There is no concrete difference between the two options. But in general they will be similar. I think you are talking about these options:

struct Person;
struct Skill;

struct PersonSkills {
    person: PersonId,
    skill: SkillId,
}

vs

struct Person {
    skills: SkillId[],
}

struct Skill;

The main difference that I see is that there is a natural place to put data about this relationship with the “join table”.

struct PersonSkills {
    person: PersonId,
    skill: SkillId,
    acquired: Timestamp,
    experience: Duration,
}

You can still do this at in the second one, but you notice that you are basically heading towards an interleaved join table.

struct PersonSkills {
    skill: SkillId,
    acquired: Timestamp,
    experience: Duration,
}

struct Person {
    skills: PersonSkills[],
}

There are other less abstract concerns. Such as performance (are you always loading the list of skills, what if it is long) or correctness (if you delete a Person do you want to delete these relationships, it comes “for free” if they are stored on the Person) But which is better will depend on your use case.

andrew@lemmy.stuart.fun on 11 May 2024 21:10 next collapse

The real primary benefit of storing your relationships in a separate place is that it becomes a point of entry for scans or alterations instead of scanning all entries of one of the larger entity types. For example, “how many users have favorited movie X” is a query on one smaller table (and likely much better optimized on modern processor architectures) vs across all favorites of all users. And “movie x2 is deleted so let’s remove all references to it” is again a single table to alter.

Another benefit regardless of language is normalization. You can keep your entities distinct, and can operate on only one of either. This matters a lot more the more relationships you have between instances of both entities. You could get away with your json array containing IDs of movies rather than storing the joins separately, but that still loses for efficiency when compared to a third relationship table.

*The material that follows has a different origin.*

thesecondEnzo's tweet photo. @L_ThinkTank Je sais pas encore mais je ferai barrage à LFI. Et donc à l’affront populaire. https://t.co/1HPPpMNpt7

The biggest win for design is normalization. Store entities separately and updates or scans will require significantly less rewriting. And there are degrees of it, each with benefits and trade-offs.

talkingpumpkin@lemmy.world on 11 May 2024 22:19 next collapse

Not sure I’m getting the issue here (what does “join table” mean in the scope of JSON/XML?), but… doesn’t how you lay out your data in JSON/XML file have zero impact in your application’s queries? You won’t be querying the JSON - you’ll be loading data from it into memory and query the memory.

matcha_addict@lemy.lol on 15 May 2024 06:41 collapse

I am simulating a database table as a json list. So a join table would be simulated also as a separate list (or separate json file).

solrize@lemmy.world on 12 May 2024 08:31 next collapse

SQL uses join tables to do what traditionally would have been done with dictionaries embedded in the objects. I.e. purpose made data structure. That approach is more efficient but less convenient than using a 3-way join.

Turun@feddit.de on 12 May 2024 17:04 collapse

It depends entirely on how you want to work with the data.

Have you considered sqlite? The database is just a single file, which gives you all the advantages of a text file (easy backup, sharing, easy editing via sqlite browser) while also providing the benefits of SQL when operating on the data (join, etc).

matcha_addict@lemy.lol on 15 May 2024 06:38 collapse

Sqlite is nice but the file would not be readable in a plaintext-like format from my understanding.

Turun@feddit.de on 16 May 2024 21:18 collapse

  1. Yes, but devil’s advocate: you also need a program to text files, needing a program to read sqlite files is not worse.

  2. I am confused by your requirements. Why do you need to store your data as json or XML? Would it suit your requirements to read in text files, convert to sqlite for processing and then save as a text file? What do you gain by being able to edit the files in a text editor, as opposed to a table editor? Do you maybe just need a config file (e.g. in toml format) and don’t actually do much data processing?